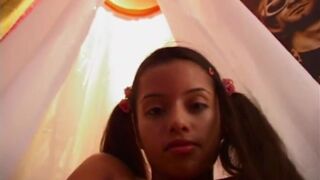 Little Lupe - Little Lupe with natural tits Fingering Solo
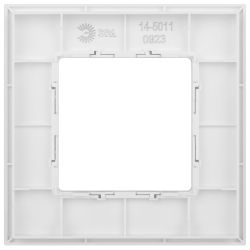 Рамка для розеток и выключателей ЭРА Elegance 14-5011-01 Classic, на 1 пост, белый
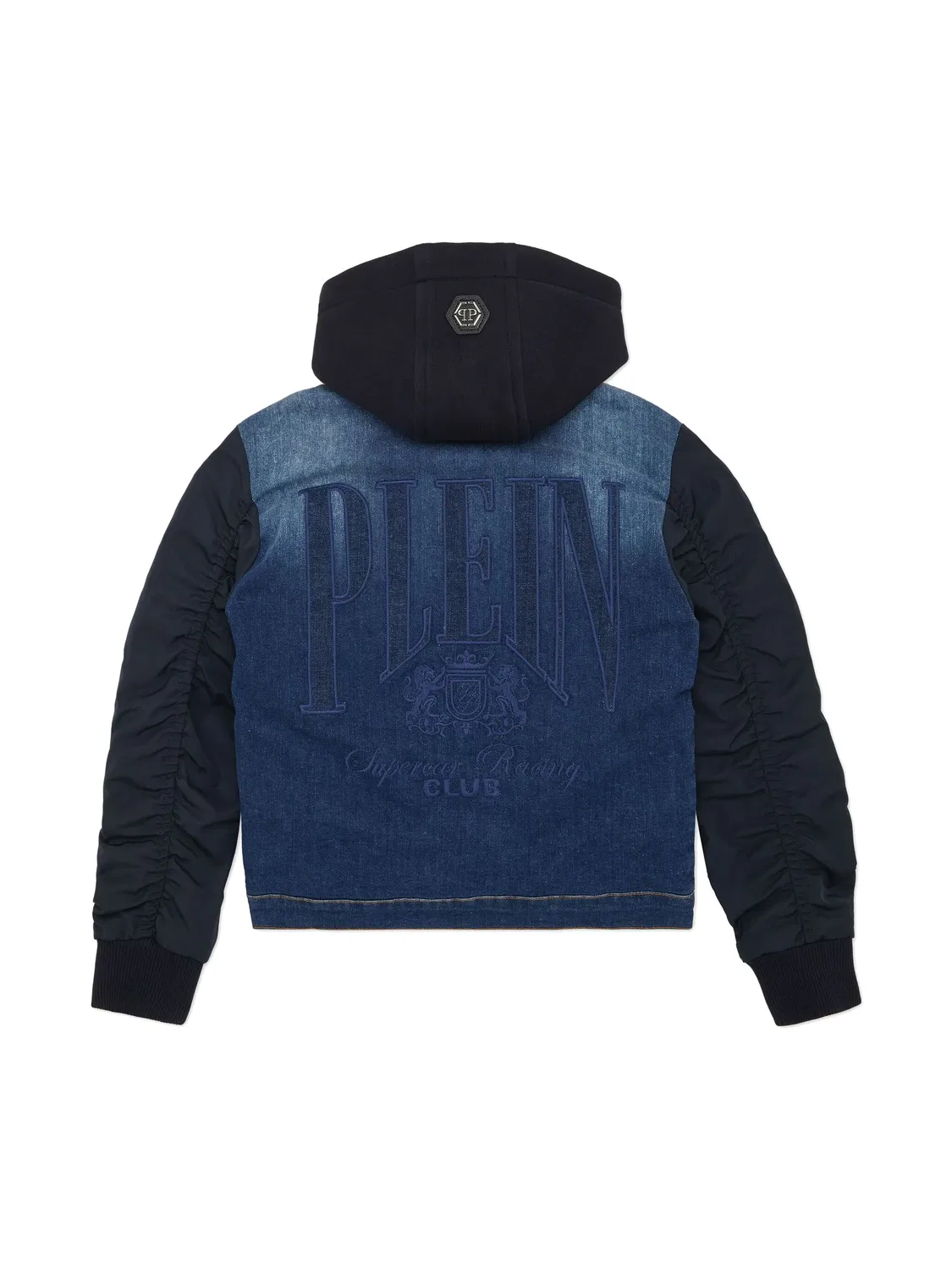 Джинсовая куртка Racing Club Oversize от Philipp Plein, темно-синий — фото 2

* * *

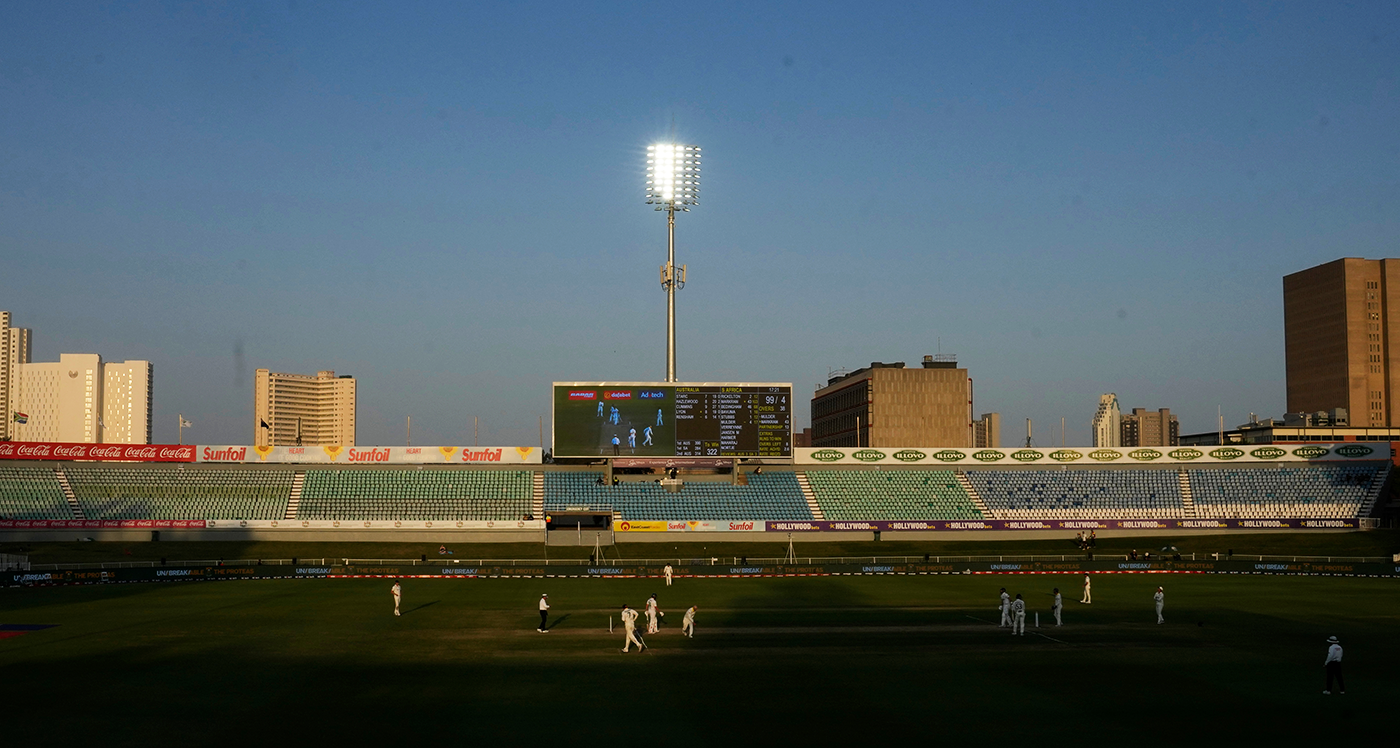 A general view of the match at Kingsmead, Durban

==

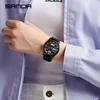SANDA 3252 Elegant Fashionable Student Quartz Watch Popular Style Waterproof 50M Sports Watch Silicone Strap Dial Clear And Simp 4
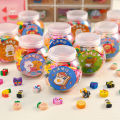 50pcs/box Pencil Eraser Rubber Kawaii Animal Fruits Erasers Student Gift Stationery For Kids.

- [What to produce]
Find the line with "Little Lupe - Little" in the entries above. Set down exactly every line from it up to and including the line with "Джинсовая куртка Racing", images excluded.

- [Problem solution]
 Little Lupe - Little Lupe with natural tits Fingering Solo
 Рамка для розеток и выключателей ЭРА Elegance 14-5011-01 Classic, на 1 пост, белый
 Джинсовая куртка Racing Club Oversize от Philipp Plein, темно-синий — фото 2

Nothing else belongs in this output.